• _What you have to do_
Could you copy every record exactly, leaving the pictures behind?

[[ Data provided, beginning ]]

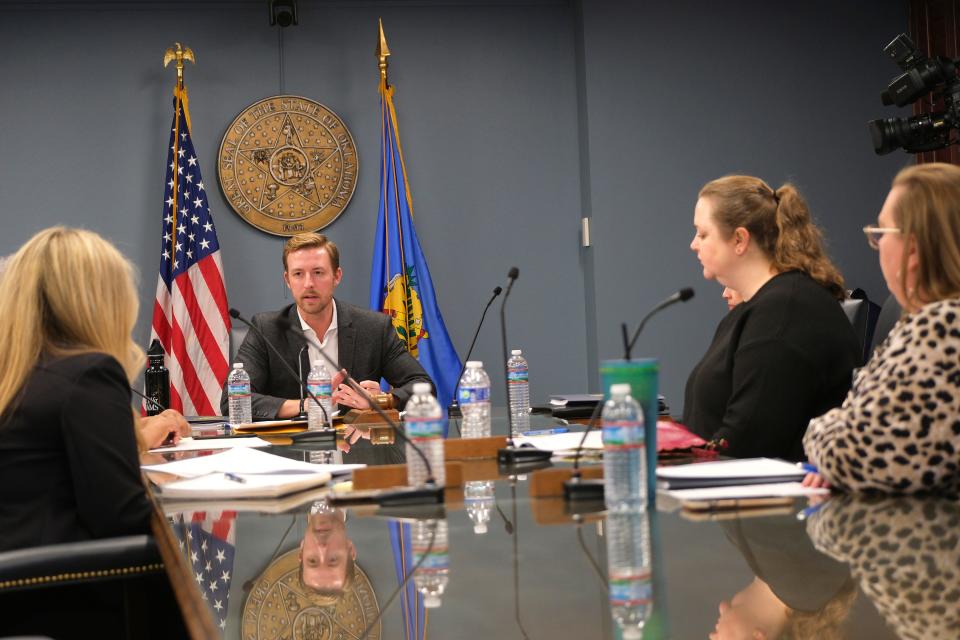 Oklahoma state schools Superintendent Ryan Walters addresses board members, from left, Kendra Wesson, Sarah Lepak and Katie Quebedeaux, during a special meeting of the state Board of Education to consider revoking the license of a teacher from the Western Heights district.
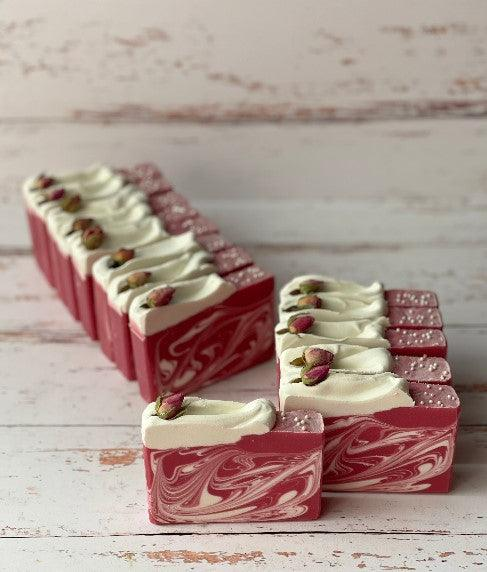 Ole de Rose soap bars with pink and white marbled swirls and rosebud accents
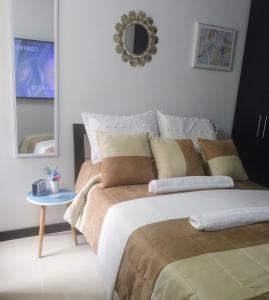 波哥大Apartamento sector exclusivo acogedor的一间卧室配有带枕头和镜子的床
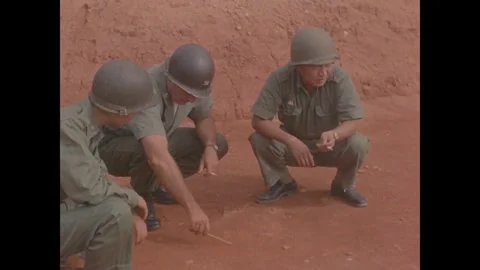 KINMEN - 1958: Men crouch to sketch in the earth 動画素材 342670306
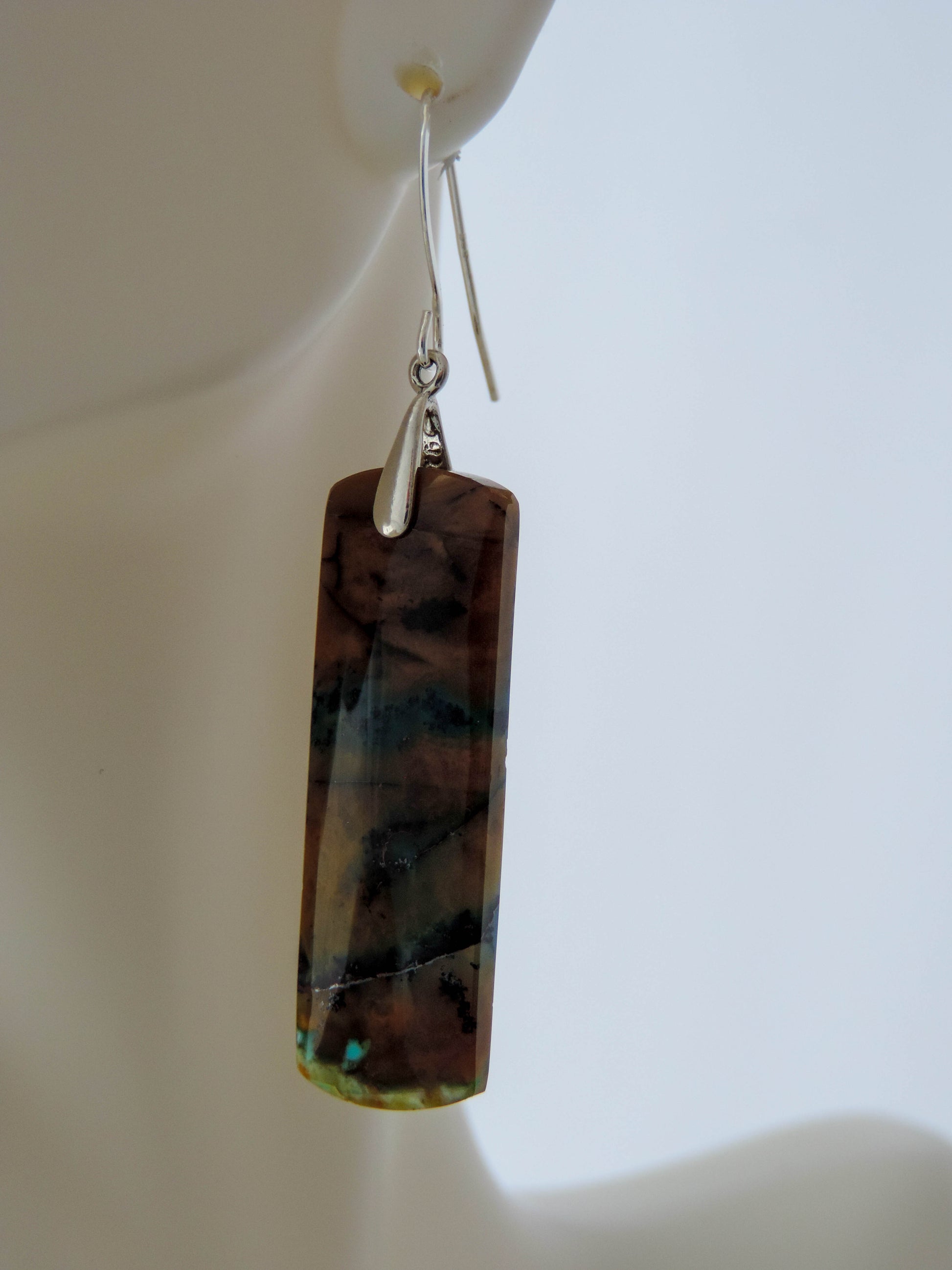 Indonesian Blue Opalized Wood Earrings with Sterling Silver, beautiful jewelry!!Extremely rare and lovely, Indonesian Blue Opalized Wood is a cherished material used by lapidary artists for creating stunning pieces of jewelry.  The material was first found as pebbles and rounded stones in streams and near the slopes of three volcanoes in the West Java Province.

[[ Data provided, end ]]

• _Answer to this exercise_
 Oklahoma state schools Superintendent Ryan Walters addresses board members, from left, Kendra Wesson, Sarah Lepak and Katie Quebedeaux, during a special meeting of the state Board of Education to consider revoking the license of a teacher from the Western Heights district.
 Ole de Rose soap bars with pink and white marbled swirls and rosebud accents
 波哥大Apartamento sector exclusivo acogedor的一间卧室配有带枕头和镜子的床
 KINMEN - 1958: Men crouch to sketch in the earth 動画素材 342670306
 Indonesian Blue Opalized Wood Earrings with Sterling Silver, beautiful jewelry!!Extremely rare and lovely, Indonesian Blue Opalized Wood is a cherished material used by lapidary artists for creating stunning pieces of jewelry.  The material was first found as pebbles and rounded stones in streams and near the slopes of three volcanoes in the West Java Province.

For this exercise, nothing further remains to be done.